Craig Blackwell played guitar, bass, and keys on Todd La Torre’s first solo album, Rejoice in the Suffering. He also co-composed the record. In this interview, we talk about his musical history, his work on Rejoice in the Suffering, and his feelings about KISS’ “Mr. Blackwell.”
William: Is this your first interview?
William: Great. We’re making journalistic history! How did you get into playing guitar?
Craig: That started back when I was about seven years old. I lived with my mother, mainly. Whenever she would drive me back and forth to school, we’d always listen to music. She was real big into Neil Diamond and some other artists. I was always listening to music. Well, one day she picked me up from school and on the way home she had a catalog in the car. I was just flipping through the pages and I stumbled across an acoustic guitar in the music section. I went “Ah, Mom! Look at that!” She went, “Wow! Do you like that?” I go, “I’d love to have one of those,” and she whipped the fastest U turn I’ve ever seen and we went down to the nearest music store and she bought me a guitar. There was a TV show at the time on WEDU here, channel three, and there was a guy every Saturday morning that would tune the guitar with you and then teach you chords on TV. That’s where it all started.

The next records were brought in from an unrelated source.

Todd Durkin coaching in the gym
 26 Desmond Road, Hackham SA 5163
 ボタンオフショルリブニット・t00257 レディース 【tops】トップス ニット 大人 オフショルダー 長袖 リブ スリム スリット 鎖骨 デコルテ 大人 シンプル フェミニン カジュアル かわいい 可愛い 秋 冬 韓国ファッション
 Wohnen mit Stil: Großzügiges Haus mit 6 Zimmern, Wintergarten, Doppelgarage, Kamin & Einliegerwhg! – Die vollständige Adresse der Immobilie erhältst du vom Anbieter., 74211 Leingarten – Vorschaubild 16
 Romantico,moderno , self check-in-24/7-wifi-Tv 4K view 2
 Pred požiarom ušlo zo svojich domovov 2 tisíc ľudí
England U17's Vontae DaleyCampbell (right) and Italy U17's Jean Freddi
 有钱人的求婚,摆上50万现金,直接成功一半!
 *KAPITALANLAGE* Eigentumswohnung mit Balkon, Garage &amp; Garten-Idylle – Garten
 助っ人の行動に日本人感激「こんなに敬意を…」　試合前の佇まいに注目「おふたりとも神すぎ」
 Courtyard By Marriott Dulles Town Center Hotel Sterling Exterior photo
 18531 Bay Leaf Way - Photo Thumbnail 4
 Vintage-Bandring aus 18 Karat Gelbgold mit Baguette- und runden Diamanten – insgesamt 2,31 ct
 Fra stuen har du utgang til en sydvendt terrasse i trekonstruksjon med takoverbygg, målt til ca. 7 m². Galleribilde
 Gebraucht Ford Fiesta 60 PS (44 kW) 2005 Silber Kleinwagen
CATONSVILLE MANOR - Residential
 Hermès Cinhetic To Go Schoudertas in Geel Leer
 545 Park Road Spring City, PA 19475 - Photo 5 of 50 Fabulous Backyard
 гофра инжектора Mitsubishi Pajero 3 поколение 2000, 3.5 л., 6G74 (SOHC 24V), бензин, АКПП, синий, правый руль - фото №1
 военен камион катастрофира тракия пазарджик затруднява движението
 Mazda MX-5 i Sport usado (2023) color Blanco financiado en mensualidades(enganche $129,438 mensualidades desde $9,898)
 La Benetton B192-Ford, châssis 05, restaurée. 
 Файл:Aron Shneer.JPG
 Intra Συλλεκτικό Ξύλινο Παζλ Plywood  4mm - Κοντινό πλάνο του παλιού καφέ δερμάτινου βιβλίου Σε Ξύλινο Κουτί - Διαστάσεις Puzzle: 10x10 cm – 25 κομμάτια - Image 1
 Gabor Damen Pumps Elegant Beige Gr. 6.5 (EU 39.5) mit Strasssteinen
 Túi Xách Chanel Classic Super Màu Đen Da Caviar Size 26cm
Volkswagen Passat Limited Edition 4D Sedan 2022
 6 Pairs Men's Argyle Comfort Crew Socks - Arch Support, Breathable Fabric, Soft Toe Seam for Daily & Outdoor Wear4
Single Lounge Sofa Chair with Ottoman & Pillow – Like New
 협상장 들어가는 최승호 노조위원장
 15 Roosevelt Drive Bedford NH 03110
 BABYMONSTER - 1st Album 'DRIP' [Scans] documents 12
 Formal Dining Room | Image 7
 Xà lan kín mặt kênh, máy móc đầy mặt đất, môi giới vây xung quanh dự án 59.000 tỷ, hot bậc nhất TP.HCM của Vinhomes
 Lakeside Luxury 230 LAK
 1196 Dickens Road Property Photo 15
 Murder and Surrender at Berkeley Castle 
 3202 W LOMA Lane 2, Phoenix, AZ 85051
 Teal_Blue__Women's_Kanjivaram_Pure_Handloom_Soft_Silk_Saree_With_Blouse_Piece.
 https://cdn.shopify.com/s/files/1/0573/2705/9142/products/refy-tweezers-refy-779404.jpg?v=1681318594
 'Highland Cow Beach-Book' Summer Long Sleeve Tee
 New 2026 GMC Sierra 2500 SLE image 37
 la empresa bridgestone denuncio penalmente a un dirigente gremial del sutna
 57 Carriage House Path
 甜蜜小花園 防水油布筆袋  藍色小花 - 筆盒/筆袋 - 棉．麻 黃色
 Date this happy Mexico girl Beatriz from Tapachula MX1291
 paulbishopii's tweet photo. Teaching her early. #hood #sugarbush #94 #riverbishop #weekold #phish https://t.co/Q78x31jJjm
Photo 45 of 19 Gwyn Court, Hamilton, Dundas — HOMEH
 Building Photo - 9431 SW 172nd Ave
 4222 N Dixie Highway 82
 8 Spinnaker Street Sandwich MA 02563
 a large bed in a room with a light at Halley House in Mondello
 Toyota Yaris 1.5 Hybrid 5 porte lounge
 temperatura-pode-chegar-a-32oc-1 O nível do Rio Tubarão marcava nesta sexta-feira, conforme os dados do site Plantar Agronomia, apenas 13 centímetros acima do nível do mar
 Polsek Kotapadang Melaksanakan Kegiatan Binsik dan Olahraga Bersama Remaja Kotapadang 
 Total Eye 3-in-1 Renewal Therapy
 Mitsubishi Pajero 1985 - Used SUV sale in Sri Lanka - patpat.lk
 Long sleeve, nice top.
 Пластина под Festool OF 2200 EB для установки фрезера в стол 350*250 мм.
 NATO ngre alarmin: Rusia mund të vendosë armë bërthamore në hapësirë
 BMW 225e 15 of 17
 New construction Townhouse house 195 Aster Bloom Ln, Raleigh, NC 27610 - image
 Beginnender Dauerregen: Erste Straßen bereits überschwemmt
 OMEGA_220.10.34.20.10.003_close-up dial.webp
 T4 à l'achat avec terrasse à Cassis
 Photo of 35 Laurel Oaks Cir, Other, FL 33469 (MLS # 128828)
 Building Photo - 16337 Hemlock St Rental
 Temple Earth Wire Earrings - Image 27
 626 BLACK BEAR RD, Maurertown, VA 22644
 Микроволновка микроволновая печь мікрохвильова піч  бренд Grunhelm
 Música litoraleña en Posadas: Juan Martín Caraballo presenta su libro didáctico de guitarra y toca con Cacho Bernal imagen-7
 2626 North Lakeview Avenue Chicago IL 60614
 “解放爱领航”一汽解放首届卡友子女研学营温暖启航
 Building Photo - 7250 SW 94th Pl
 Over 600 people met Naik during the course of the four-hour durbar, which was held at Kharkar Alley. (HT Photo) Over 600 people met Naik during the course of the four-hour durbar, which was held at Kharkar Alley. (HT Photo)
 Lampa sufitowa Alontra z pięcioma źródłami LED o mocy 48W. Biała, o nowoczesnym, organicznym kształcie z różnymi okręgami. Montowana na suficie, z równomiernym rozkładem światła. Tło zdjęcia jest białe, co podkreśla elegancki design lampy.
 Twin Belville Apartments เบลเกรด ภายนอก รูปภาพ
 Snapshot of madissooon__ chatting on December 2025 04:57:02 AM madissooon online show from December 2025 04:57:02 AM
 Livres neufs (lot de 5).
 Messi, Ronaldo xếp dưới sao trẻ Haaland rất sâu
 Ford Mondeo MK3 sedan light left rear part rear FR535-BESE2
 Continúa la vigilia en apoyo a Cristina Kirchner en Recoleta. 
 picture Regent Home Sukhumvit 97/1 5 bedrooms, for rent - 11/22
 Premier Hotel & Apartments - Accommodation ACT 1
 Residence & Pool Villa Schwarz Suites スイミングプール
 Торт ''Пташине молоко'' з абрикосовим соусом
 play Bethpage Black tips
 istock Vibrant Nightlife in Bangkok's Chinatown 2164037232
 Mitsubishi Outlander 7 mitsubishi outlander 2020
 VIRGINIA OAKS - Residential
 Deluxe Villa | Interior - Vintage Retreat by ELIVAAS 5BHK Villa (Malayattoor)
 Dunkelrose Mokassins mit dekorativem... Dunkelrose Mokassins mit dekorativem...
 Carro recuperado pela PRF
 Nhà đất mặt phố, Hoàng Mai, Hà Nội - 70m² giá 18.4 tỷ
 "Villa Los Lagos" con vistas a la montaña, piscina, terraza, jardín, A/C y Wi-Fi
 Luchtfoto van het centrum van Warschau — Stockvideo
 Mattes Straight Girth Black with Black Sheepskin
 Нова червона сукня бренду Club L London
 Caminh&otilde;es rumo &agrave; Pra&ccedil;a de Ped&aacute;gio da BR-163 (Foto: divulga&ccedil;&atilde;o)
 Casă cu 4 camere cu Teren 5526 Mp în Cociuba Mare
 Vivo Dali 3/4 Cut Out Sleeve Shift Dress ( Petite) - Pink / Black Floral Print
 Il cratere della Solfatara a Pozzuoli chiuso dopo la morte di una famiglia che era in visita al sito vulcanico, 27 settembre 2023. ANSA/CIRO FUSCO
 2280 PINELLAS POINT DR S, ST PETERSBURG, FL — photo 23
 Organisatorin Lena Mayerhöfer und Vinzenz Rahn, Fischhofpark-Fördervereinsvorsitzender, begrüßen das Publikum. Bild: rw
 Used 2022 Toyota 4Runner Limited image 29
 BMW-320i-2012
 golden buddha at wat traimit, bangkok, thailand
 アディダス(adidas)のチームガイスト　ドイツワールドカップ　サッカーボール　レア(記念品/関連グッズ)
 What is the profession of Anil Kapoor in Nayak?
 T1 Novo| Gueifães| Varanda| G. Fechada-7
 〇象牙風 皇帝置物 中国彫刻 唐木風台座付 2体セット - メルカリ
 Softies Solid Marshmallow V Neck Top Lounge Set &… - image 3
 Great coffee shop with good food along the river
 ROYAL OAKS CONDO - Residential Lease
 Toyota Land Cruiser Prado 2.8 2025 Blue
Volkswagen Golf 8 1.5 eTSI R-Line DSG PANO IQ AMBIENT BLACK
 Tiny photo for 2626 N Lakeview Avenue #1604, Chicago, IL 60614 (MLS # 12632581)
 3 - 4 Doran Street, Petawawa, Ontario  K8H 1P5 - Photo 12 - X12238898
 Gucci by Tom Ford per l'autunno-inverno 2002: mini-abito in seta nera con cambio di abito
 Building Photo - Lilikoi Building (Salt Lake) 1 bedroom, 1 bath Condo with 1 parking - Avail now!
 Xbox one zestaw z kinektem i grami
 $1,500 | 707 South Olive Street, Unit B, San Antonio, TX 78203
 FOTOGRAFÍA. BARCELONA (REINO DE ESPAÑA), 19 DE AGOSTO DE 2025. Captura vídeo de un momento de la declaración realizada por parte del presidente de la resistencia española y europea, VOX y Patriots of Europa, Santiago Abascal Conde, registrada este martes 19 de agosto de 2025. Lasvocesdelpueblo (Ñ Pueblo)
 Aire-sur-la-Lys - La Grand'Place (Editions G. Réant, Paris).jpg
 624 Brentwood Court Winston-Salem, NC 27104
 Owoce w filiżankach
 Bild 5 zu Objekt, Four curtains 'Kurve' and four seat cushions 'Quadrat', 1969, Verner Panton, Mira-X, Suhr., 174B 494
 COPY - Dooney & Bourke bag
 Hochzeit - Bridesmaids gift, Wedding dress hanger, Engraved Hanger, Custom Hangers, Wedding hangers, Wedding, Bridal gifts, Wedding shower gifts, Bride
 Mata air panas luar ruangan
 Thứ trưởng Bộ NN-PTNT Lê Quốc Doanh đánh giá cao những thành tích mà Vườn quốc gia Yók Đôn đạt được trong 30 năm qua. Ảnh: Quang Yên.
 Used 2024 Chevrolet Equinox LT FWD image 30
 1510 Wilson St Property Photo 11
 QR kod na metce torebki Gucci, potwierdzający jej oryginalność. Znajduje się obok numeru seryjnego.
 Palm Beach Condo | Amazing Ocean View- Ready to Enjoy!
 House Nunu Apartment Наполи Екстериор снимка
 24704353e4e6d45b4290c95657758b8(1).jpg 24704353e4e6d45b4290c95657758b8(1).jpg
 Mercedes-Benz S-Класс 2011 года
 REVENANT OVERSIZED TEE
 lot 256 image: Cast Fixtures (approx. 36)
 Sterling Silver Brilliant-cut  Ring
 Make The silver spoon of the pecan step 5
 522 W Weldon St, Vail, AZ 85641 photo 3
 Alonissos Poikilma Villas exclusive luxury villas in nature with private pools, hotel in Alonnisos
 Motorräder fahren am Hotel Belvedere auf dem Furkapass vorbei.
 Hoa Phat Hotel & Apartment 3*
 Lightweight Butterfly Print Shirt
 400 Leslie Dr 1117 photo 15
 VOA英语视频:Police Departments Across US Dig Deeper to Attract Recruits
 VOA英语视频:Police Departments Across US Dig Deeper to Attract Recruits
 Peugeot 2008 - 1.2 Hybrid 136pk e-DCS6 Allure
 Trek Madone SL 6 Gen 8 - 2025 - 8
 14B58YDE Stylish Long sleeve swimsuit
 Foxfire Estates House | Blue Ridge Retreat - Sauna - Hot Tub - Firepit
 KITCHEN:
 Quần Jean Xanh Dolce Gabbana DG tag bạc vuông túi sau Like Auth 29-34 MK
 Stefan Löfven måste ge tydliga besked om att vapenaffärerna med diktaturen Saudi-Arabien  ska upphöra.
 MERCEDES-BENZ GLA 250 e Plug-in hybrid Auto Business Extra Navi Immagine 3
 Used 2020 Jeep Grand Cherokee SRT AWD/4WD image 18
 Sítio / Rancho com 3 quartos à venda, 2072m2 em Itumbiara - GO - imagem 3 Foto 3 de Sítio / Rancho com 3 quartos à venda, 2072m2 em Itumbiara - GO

William: I used to play a good bit, and my mom bought me my first guitar, too.
Craig: Moms are always our biggest fans.
William: They sure are. Thanks goodness for moms!
You and Todd have known each other since you were teenagers. How did y’all meet?
Craig: We went to the same high school. At the time, I had a band in school. I had a drummer, bass player, another guitar player, and we were kind of rotating singers because singers are hard to find in school. Our drummer’s father didn’t want him playing in the band anymore. One of our mutual friends, Russ, had mentioned to me, “Well, hey, I know a guy. He’s a little younger than us, but he’s a really good drummer. His name’s Todd and we can go over to his house and he would love to play in the band, I’m sure.” We talked with Todd and he said, “Yeah, come on over. I’ll play you some songs. So we went over to his house, which was right around the corner from all of our houses. He played “Modern Day Cowboy” from Tesla for me. He was about fifteen seconds into the song and I went, “Dude, you’re in. You’re in. That’s it.” That’s all I needed to hear.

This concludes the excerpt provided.